Your goal
Repeat the data exactly, so that every line matches the original.

(Data entries)
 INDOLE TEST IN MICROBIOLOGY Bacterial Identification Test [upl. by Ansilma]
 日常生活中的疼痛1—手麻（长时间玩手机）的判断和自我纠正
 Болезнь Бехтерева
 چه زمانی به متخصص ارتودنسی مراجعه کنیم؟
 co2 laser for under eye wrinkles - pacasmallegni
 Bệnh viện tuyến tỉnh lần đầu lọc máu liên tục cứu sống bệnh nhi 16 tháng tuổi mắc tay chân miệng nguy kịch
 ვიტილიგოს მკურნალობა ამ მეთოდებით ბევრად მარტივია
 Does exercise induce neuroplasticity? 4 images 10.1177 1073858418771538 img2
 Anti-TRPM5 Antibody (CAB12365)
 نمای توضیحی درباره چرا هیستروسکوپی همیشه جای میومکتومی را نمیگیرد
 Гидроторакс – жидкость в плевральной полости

Solution to the exercise
 INDOLE TEST IN MICROBIOLOGY Bacterial Identification Test [upl. by Ansilma]
 日常生活中的疼痛1—手麻（长时间玩手机）的判断和自我纠正
 Болезнь Бехтерева
 چه زمانی به متخصص ارتودنسی مراجعه کنیم؟
 co2 laser for under eye wrinkles - pacasmallegni
 Bệnh viện tuyến tỉnh lần đầu lọc máu liên tục cứu sống bệnh nhi 16 tháng tuổi mắc tay chân miệng nguy kịch
 ვიტილიგოს მკურნალობა ამ მეთოდებით ბევრად მარტივია
 Does exercise induce neuroplasticity? 4 images 10.1177 1073858418771538 img2
 Anti-TRPM5 Antibody (CAB12365)
 نمای توضیحی درباره چرا هیستروسکوپی همیشه جای میومکتومی را نمیگیرد
 Гидроторакс – жидкость в плевральной полости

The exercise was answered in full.